Marcos Santos/Jornal da USP
Bosi, autor de Literatura e Resistência, morreu nesta quarta, aos 84 anos
Bosi trava um diálogo crítico e explicito com e contra a crítica sociológica. Na sua opinião, ao se analisar um texto literário, é preciso levar em conta a dimensão individual da criação, que não se prende, exclusivamente, a seu tempo — em suas palavras: “O tempo do escritor tem profundidade, elasticidade e dimensão dramática que não coincidem com o tempo em que vive”; “a descontinuidade, isto é, a diferenciação dos olhares, das ênfases e dos tons, se é espinho para o sociologismo compactante, não constitui problema para o historiador das produções imaginárias familiarizado com a multiplicidade de processos simbólicos”, escreve em Por um Historicismo Renovado. Reflexo e Reflexão em História Literária, primeiro ensaio do livro.

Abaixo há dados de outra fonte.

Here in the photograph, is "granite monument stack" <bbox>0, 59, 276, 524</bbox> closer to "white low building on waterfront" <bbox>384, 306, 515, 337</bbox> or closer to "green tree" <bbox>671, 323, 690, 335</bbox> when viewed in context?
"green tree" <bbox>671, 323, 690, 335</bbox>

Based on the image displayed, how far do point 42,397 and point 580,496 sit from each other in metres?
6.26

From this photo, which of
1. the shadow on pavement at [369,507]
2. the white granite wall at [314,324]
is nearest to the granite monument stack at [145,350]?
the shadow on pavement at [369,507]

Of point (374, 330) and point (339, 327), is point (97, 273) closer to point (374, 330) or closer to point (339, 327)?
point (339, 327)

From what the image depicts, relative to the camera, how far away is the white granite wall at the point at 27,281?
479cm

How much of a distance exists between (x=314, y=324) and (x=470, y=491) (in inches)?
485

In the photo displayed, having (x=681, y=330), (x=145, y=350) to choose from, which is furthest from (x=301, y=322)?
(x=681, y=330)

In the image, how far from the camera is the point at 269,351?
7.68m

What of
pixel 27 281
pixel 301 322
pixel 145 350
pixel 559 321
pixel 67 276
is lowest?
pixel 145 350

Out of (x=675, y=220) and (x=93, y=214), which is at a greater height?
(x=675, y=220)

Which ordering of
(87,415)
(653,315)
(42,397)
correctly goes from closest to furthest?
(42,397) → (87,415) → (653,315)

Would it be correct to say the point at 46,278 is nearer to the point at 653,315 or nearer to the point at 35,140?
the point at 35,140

Neste texto, Bosi faz um breve relato da historiografia literária brasileira, desde as primeiras ordenações, durante o século 19, e defende a adoção de critérios livres de rótulos temporais na discussão da produção poética e narrativa. Para ele, essa tradição foi fundada no país por dois “historiadores” da literatura, os críticos literários Otto Maria Carpeaux, autor de História da Literatura Ocidental, e Antonio Candido, de Formação da Literatura Brasileira. Apesar de Candido ser tido, tradicionalmente, como um integrante da tradição crítica sociológica do país, na visão de Bosi, os dois autores “tomaram a sério o significado dos dois membros da expressão; a historicidade da cultura, isto é, a inserção da obra no tempo e no espaço das ideias e dos valores; e o caráter expressivo e criativo do texto literário na sua individualidade”.

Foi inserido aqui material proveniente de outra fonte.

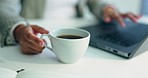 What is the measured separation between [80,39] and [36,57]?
6.1 inches

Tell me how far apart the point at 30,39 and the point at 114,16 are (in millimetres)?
489

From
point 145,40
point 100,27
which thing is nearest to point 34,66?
point 145,40

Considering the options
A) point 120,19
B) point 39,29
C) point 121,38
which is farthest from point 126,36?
point 39,29

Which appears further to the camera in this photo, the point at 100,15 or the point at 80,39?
the point at 100,15

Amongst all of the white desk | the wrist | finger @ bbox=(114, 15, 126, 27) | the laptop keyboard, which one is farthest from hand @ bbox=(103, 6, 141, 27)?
the wrist

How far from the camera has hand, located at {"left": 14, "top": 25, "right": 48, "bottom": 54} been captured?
626 millimetres

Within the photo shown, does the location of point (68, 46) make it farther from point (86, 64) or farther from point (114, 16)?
point (114, 16)

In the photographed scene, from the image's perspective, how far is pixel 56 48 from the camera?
1.91 ft

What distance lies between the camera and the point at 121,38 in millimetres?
763

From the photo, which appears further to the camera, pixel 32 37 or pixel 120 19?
pixel 120 19

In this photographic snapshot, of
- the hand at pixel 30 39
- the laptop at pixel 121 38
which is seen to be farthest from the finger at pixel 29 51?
the laptop at pixel 121 38

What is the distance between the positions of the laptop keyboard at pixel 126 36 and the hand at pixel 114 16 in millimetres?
105

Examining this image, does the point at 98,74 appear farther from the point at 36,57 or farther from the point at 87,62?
the point at 36,57

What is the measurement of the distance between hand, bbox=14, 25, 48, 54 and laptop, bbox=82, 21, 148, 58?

Desta visão decorre uma prática, que é a construção de uma história que não se prende, também, à produção normalmente estudada pela crítica da literatura brasileira. Não por acaso, Bosi, que estuda textos, entre outros, de Padre Vieira, Cruz e Souza, Lima Barreto, Euclides da Cunha, João Antonio e Graciliano Ramos, inclui em Literatura e Resistência ensaios dedicados a Pirandello (Luigi Pirandello: Um, Nenhum e Cem Mil) e a Albert Camus (Camus na Festa do Bom Jesus).
O texto sobre Camus, na verdade, tem um pé na Europa e outro em Iguape, no litoral sul de São Paulo. Discute o conto La Pierre qui Pousse (A Pedra que Brota), do livro O Exílio e o Reino, em que se encontram o engenheiro francês, chamado d’Arrast, e um cozinheiro brasileiro, mulato, não nomeado. Primeiro, os dois se aproximam, através da lógica do brasileiro —d’Arrast diz que na França já não há mais senhores, e o mulato pergunta se lá ninguém trabalha. O engenheiro é obrigado a reconhecer que cá e lá há ricos e pobres, mas está apenas se iniciando no conhecimento; ainda lhe falta tomar contato com o sincretismo religioso. Mas não só o personagem tem a aprender, também o leitor; a narrativa ficcional, para Bosi, vai além do dado etnológico recolhido pelo escritor – “e o trabalha de tal modo que o leitor vem a conhecer não apenas as faces do objeto visto como a aventura do sujeito que vê. O observador é aqui afetado e envolvido”.